During high school, time moves at the speed of light, demanding that you keep up with constantly conflicting goals.

Join extracurricular activities, but keep your head in your books. Create memories, but focus on your future.  

If you’re a high school freshman, it can be overwhelming to take short-term and long-term action at the same time. Check out these 8 survival tips for the high school freshman to make it easier.

  1. Get to Know Teachers

Freshman year is the start of your high school journey. Think of your teachers as guides along that journey.

The personalities of your teachers’ matter. Paying attention to the social cues of adults, especially those in positions of authority, will help you become a better communicator later in life.

Listen to the feedback you receive from teachers without taking it personally. Look for ways to connect that feel natural and meaningful to you. 

When you’re ready to apply for colleges down the road, you should have one or two teachers who can speak to your character. Whether you’re a top student or struggling in their class, a student who shows commitment is more likely to attract great teacher recommendations in the future. 

  1. Activities for the High School Freshman

Getting into high school tips are all about focusing on your grades—but high school is also a great time to explore your personal interests. Check out a variety of clubs and enrichment activities to find the best fit.

You might be surprised to learn what you’re good at or find a new interest in. These extracurricular activities can lead to new opportunities like exclusive summer programs, awards or college scholarships.

Starting club activities as a high school freshman gives you plenty of time during the next four years to explore new activities to see what appeals to you the most. 

  1. Find Leadership Roles

There’s one exception to the rule of exploring extracurricular activities. For students fortunate enough to enter high school with an existing talent or strong interest, taking on a leadership role in that activity can be a great way to sharpen your reasoning skills.

Because leadership is about self-development, learning to lead others will help you improve your grades, social relationships and time management. Good leaders motivate others to succeed, coach them through problems and learn how to communicate with people different than themselves.

These skills are the building blocks to a successful career whether you choose to go on to college or not. 

  1. Take Advantage of Summer Break

Summer is the time to relax and enjoy months of no homework. But this doesn’t have to mean a marathon of screens and hangouts with friends.

Balance your time by using your summer months to explore your career interests. For example, Emory University offers an Infectious Diseases Institute to high school students that run three weeks out of the summer.

Programs like this help you confirm whether or not a subject you think sounds amazing is all it’s cracked up to be. Summer programs serve to further your understanding of a subject or give you the confirmation that the subject might not be for you. 

When you get to college and are asked to declare a major during freshman year, having this prior exposure to careers will be a valuable tool in making this decision. 

  1. Visit Colleges 

High school freshmen don’t have to worry about college right away. Visiting a college during the end of your freshman year is more exploratory than stressful. 

Taking away the anxiety of what school to choose can help you make decisions with a clear head. If your parents are willing, find opportunities to visit schools in other cities to get an idea of the culture in the area.

  1. Work on Teams

Volunteering with local neighborhood charities a great thing to start during your freshman year. When you volunteer, you learn to take direction to achieve a higher purpose or goal.

Find volunteer groups where you can exercise this same skill as a team. Your listening skills and ability to take direction will improve.

Both these skills are also helpful in becoming a strong leader and student. 

  1. Just Say Yes

As the old saying goes, life is what happens when we are busy making plans. You might have the best plan laid out for the next four years of high school but what actually happens will likely be much different.

Taking advantage of opportunities you wouldn’t normally say yes to. It could either be a great learning experience that confirms you never want to be involved again or an opportunity to meet people that introduce you to your dream summer job.

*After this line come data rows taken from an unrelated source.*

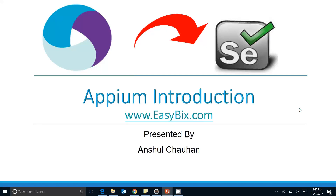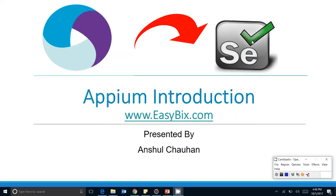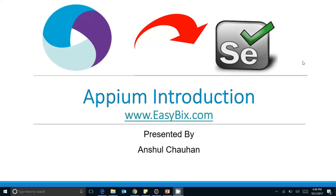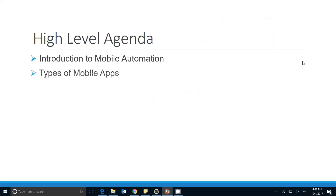Hello guys, welcome back. This is Anshu Chauhan from easybitch.com. Today we are going to start a new training about Appium, or mobile testing. This is the first tutorial in the mobile testing training series. The high-level agenda for today covers the introduction to mobile automation, the types of mobile apps, and the Appium architecture.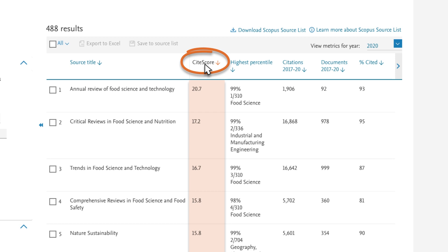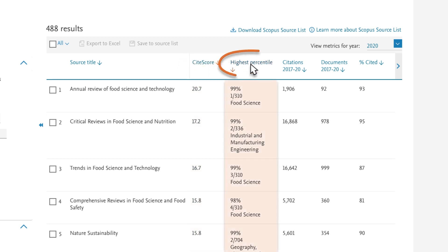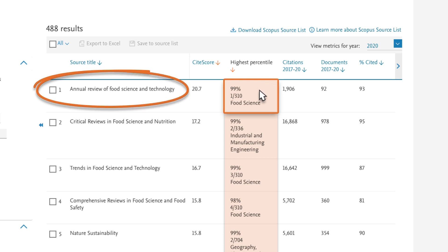More information on the CiteScore metric is available in the Scopus help files. The highest percentile column indicates the relative standing of a title based on its CiteScore. Alongside the percentile, the title's rank within its subject area is listed. Annual Review of Food Science and Technology is ranked first out of 310 journals in the Food Science Subject Area. This indicates that of the over 400 journals in this subject area, 310 have a 2020 CiteScore.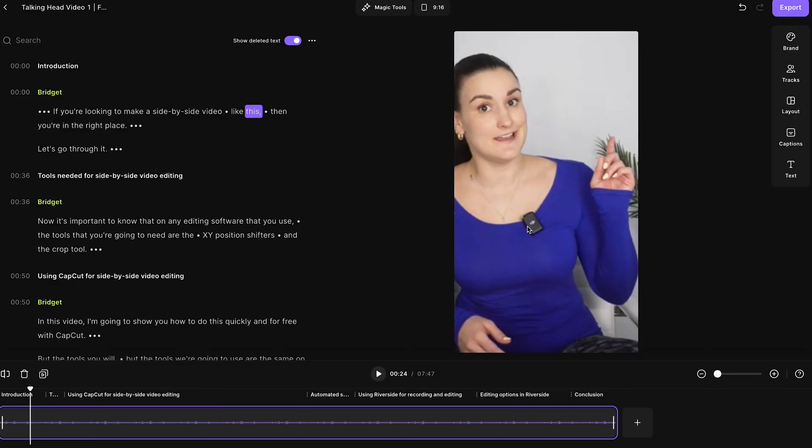However, Riverside is always improving the platform, so depending on when you're watching this video, make sure that you play around in the editor to see what is available to you.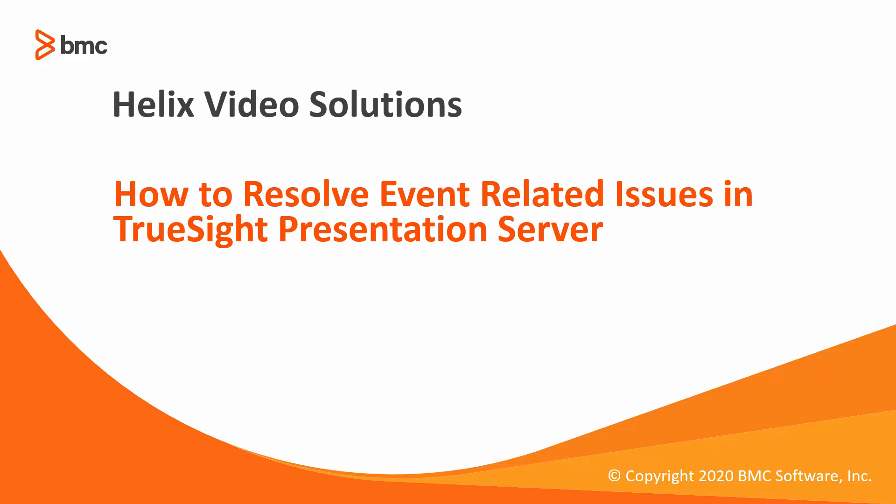In this video, we will look at the steps to resolve event-related issues in TrueSight Presentation Server.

The path to opportunity is often a jungle gym. Take on the adventure by saying yes when approached by teachers and parents about unique opportunities that weren’t a part of your original master plan. 

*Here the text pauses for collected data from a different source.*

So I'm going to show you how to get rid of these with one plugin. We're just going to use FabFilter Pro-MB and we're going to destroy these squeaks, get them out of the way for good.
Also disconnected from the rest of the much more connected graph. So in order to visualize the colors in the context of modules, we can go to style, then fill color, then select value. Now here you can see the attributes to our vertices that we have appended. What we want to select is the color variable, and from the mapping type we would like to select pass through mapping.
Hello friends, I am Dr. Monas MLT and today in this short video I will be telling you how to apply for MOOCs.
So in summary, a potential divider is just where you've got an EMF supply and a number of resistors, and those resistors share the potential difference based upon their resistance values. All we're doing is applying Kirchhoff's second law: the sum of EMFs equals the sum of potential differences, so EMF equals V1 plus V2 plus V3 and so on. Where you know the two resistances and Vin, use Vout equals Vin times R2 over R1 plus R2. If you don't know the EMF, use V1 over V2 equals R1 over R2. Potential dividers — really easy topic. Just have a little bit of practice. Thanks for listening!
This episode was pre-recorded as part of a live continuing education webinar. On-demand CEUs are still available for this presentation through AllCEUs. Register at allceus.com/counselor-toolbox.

  1. Start SAT/ACT Test Prep

Standardized testing is at the top of no one’s weekend bucket list. But the process doesn’t have to be brutal.

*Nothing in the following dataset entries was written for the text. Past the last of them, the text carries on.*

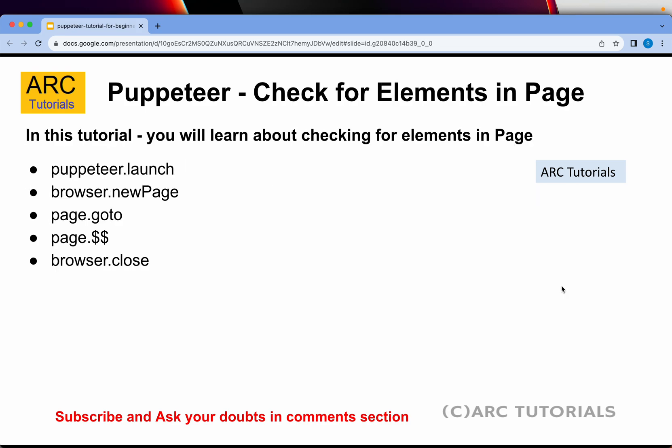So to do that, we will have to utilize some of the existing methods like launch, new page, goto. But the new method that you will use today is page dot dollar dollar method that using that we can check for multiple elements in one go. So that's the use case I'm going to show you today.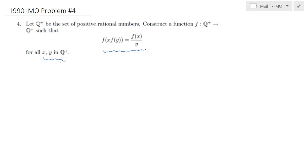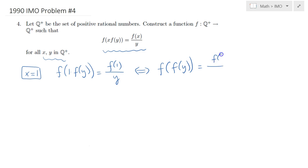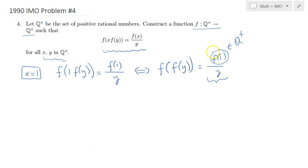Let's begin by figuring out the value f(1). I will substitute x=1 into the functional equation. When I do that I get f(1)·f(y) = f(1/y), or rewritten: f(f(y)) = f(1)/y. Now recall that f maps positive rationals to positive rationals, so f(1) is a positive rational, and therefore the right-hand side is a bijection, since it takes all positive rational values for different values of y.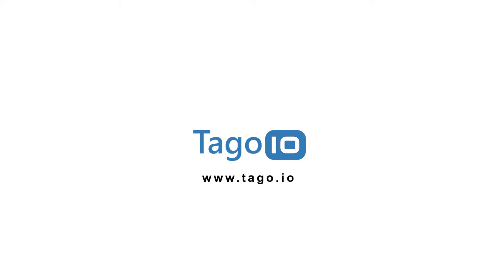To learn more about geofences, Blueprint dashboards, or map widgets, visit togo.io or visit community.togo.io to read the explanations and tutorials written by our developers. Thank you for watching.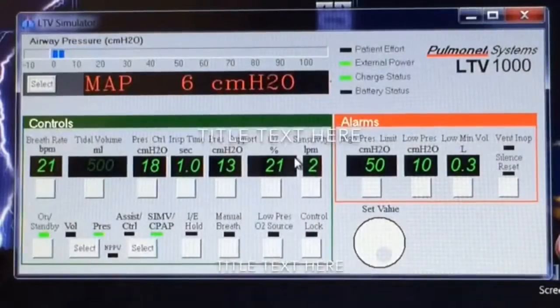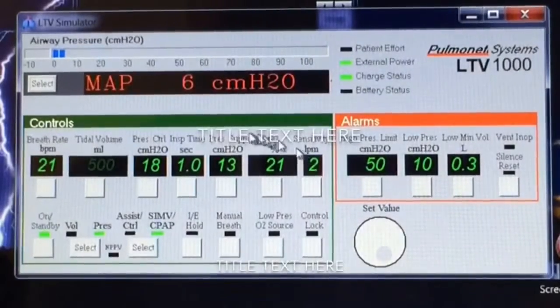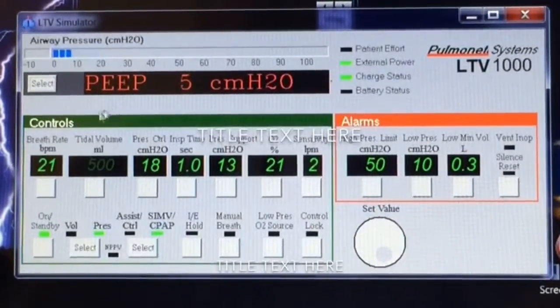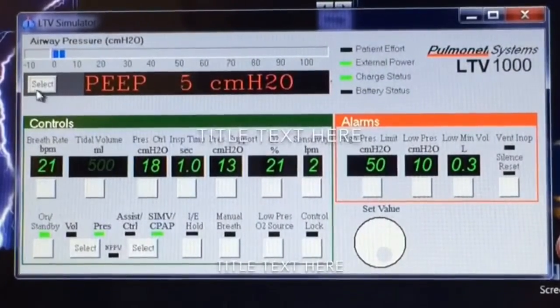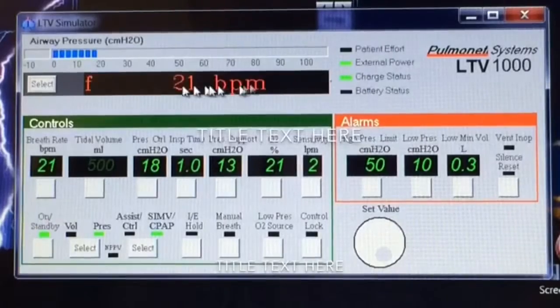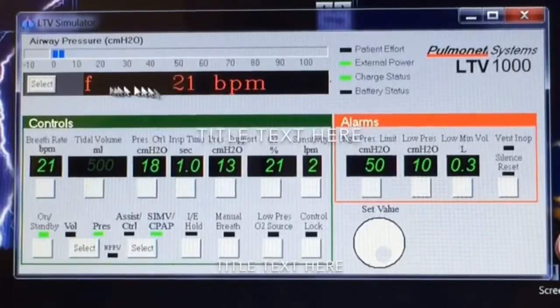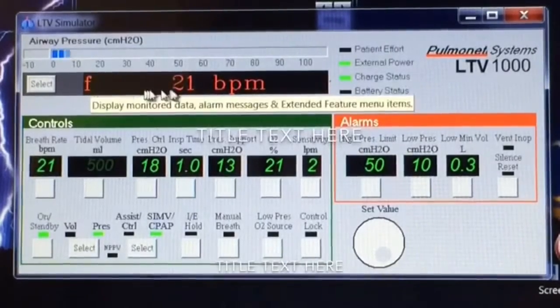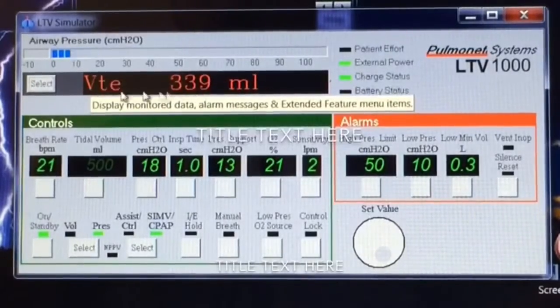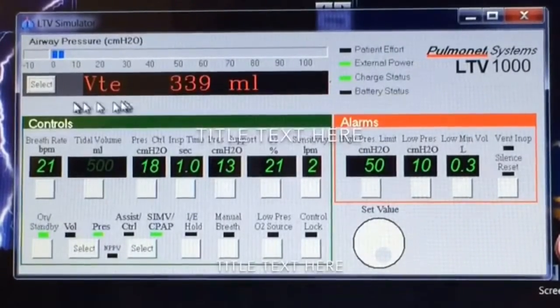Hello, it's Wes — Super Wes, that is. In this video, we're going to talk about the message bar up here and the different settings that scroll through there.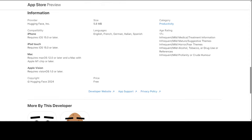Let me give you a bit more of a spec review of this app. Hugging Face has created it. You would need iPhone 15, iOS or later, and if you are using iPod Touch, the same spec applies. If you are using Mac, it requires macOS 12.0 or later and a Mac with Apple M1 chip or later. If you are using Apple Vision, you would need Vision OS. The size is quite low — just 5.8 MB, just under 6 MB — very, very lightweight.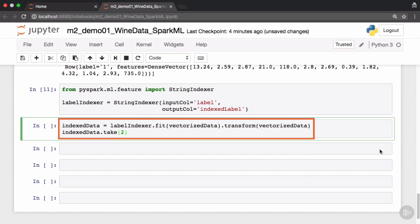The fit method on the string indexer will generate the corresponding floating point values for the categorical data and apply these floating point values to our vectorized data. This is done using the transform method.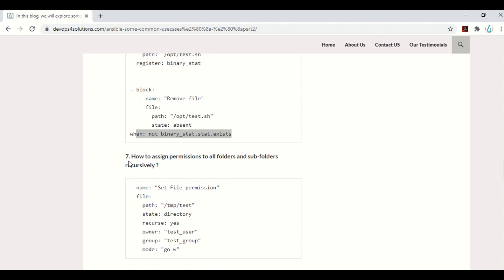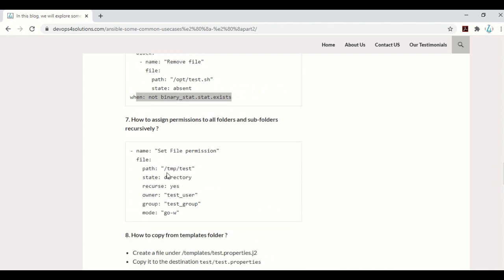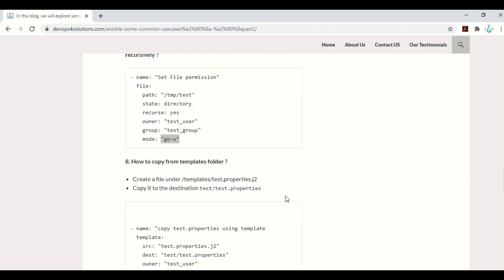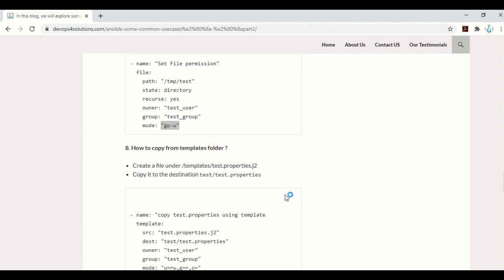Next is how to assign permissions for all folders and subfolders recursively. You use the file module with recurse set to yes. This will assign the specified permissions to all files and folders inside the target directory.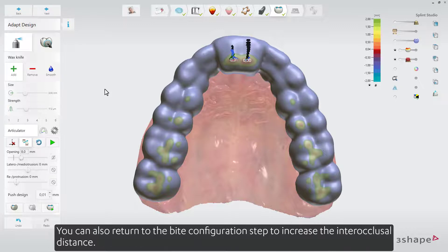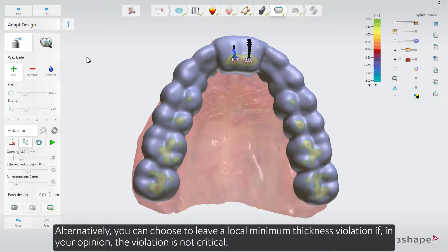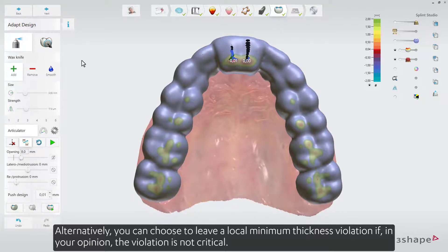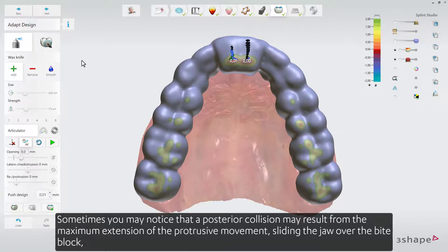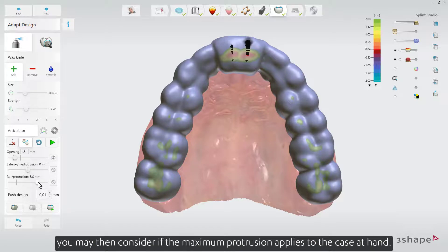You can also return to the bite configuration step to increase the interocclusal distance. Alternatively, you can choose to leave a local minimum thickness violation if, in your opinion, the violation is not critical. Note that a posterior collision may sometimes result from the maximum extension of the protrusive movement sliding the jaw over the bite block, so consider whether maximum protrusion applies to the case at hand.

Starting test prep early is just like visiting a college campus as a high school freshman. You don’t necessarily need to study right away so there’s little pressure to get everything right.

Instead, you’re casually introducing yourself to the process of taking the test rather than trying to achieve perfection. Opt for a free online course that allows access to a few sample test questions at a time. 

Mobile apps are also available to help you get easy access to practice in your spare time. 

Surviving Freshman Year

The first few months of high school can be overwhelming. As a high school freshman, you need to get familiar with your basic schedule and homework loads before venturing too far into extracurricular territory.

By your second semester of high school, the kinks are usually ironed out giving you more time to expand your horizons.